» **Extracted data**:

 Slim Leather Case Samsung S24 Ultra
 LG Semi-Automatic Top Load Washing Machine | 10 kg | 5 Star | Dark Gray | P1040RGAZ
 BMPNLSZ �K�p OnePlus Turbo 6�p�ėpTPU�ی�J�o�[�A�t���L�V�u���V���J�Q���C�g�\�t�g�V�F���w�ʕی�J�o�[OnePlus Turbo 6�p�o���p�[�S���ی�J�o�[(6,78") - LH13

---

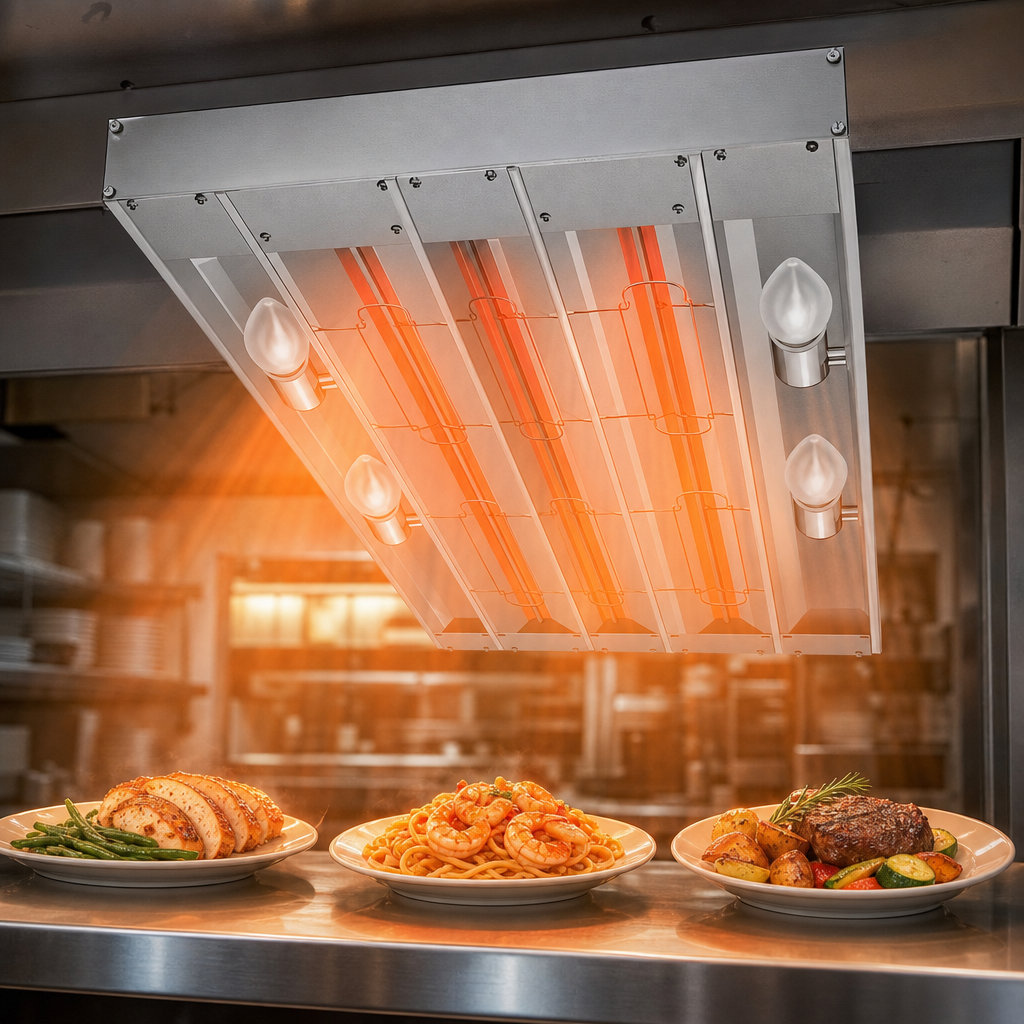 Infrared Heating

» **Required work**: In the material above, find the line containing "LG Semi-Automatic Top" and the line containing "BMPNLSZ �K�p OnePlus", then write out exactly those two lines and every line between them, and nothing more.

» **The completed task**:
 LG Semi-Automatic Top Load Washing Machine | 10 kg | 5 Star | Dark Gray | P1040RGAZ
 BMPNLSZ �K�p OnePlus Turbo 6�p�ėpTPU�ی�J�o�[�A�t���L�V�u���V���J�Q���C�g�\�t�g�V�F���w�ʕی�J�o�[OnePlus Turbo 6�p�o���p�[�S���ی�J�o�[(6,78") - LH13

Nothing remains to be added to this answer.